Throughout the primary curriculum the children engage in hands-on learning, using developmentally appropriate, concrete, multi-sensory, self-correcting Montessori materials. The curriculum is followed by children from 2.9 to 7 years old and each child has an individualized learning plan and is guided and supported through each school year.
The social language needs of the child are met through conversation and verbal communication between the child, its’ peers and with the teachers as well as by listening and taking part in conversations and discussions at home. In the classrooms all children are exposed to a wide variety of literature and there are many opportunities to look at books, be read to by the teachers and to read independently, thus expanding and enriching vocabulary.
To help prepare the child to write and read, there are three factors to take into consideration, physical, mental and social. Exercises such as push pin, stringing, coloring and metal insets are presented, which refine fine motor control and the children are introduced to the tripod pencil grip required by a successful writer.
The children in all the classrooms proceed at their own pace, and working closely with the children the teachers encourage and support each child.
The Montessori Math curriculum moves from the concrete, introducing increasingly abstract concepts and so in small sequential steps, each child develops their own mathematical mind at their own pace.
Dr. Maria Montessori’s teaching method is based on the premise that ‘arithmetic’ should “start with sense perceptions and be based on a knowledge of concrete objects”. With the manipulation of concrete objects within the classroom, the child builds mental concepts of numbers and further refines the ability to concentrate.
Math materials are presented to the children as interest is expressed or observed and then the child may explore the materials repeatedly, until the concept is mastered. Small children naturally love repeating activities and can easily absorb the concepts presented.
Geography & Cultural Studies
We all inhabit the same earth. Geography lessons help the children become familiar with our earth and develop an understanding of where they are in relation to everyone else. Children study a particular continent or geographic region, learning about animals, peoples, traditions, games, language, homes and foods etc.
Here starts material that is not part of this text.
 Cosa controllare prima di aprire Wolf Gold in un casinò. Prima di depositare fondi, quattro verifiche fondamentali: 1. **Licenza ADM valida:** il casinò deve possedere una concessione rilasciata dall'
Land and Water and continent globes all help teach the fundamentals of geography.
Children learn about life in each of the continents.
- Who lives there?
- What do the people eat?
- What animals live there?
- What special places, customs and languages are found there?
- Where do I live?
- How am I connected to the rest of the world
Practical Life activities in the classroom are both intended to attract all age groups within the multi-age classroom and designed for use by children of differing ability levels.
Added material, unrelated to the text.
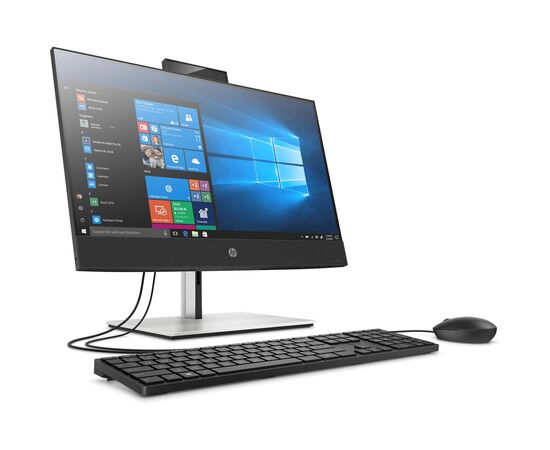 Моноблок HP ProOne 440 G6, 23.8" FullHD, Intel Core i7-10700T, 8GB RAM, 256GB SSD, Windows 10 Pro, черный, 1C6X9EA, фото , изображение 2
Activities are displayed in sequence from left to right, simple to more complex, progress from using two hands to one hand, to using tools and from concrete to abstract. The choice of work depends on each child but the teacher is available as a guide if required.
Basic hand movements that the children master through repetition of Everyday Living activities will later help them learn to hold a pencil and write and form letters. Completion of tasks from left to right helps the child learn to read. Developing concentration and attention to detail are skills required to complete complex tasks, help the child in number and scientific works and in completing future tasks they may face.
The Sensorial activities in the toddler and primary Montessori classrooms provide an opportunity for each child to interpret the world around them through the use of their senses in a controlled manner, which in turn helps develop their minds. Education of the senses prepares a child’s mind so that it is receptive to other information and can interpret other stimuli correctly.
“This sense training will prepare the ordered foundation upon which he (the child) may build up a clear and strong mentality.”
Dr. Maria Montessori
Each child is presented with the opportunity to explore concepts in a concrete way before moving to work with more abstract theories and models. Language is an important part of all Sensorial lessons and the teachers provide the correct nomenclature as appropriate to help the child ‘fix the idea of a quality’ with a word.
Science activities in the classroom are intended to engage each child’s curiosity and awaken a determination to find the truth for themselves. Children learn how to observe, analyze, predict and document observations. They work with concrete materials where appropriate and learn about the world around them by conducting hands on experiments and explorations and begin to make connections between the classroom works and the world in which they live.
Art & Music
Art and music are not taught as isolated subjects, but are integrated into the life of each classroom in many different forms. Music and art are explored through the context of history and culture as appropriate.
The children are able to express their creativity through a variety of art media available in the classrooms, including pencils, paint, crayons, charcoal, chalk, and clay.
Singing and movement in the primary classrooms are part of everyday classroom life, circle time meetings. Children also listen to and learn about different musical forms and styles – from folk to classical, salsa to rock. In addition all children participate in the music & movement class throughout the year.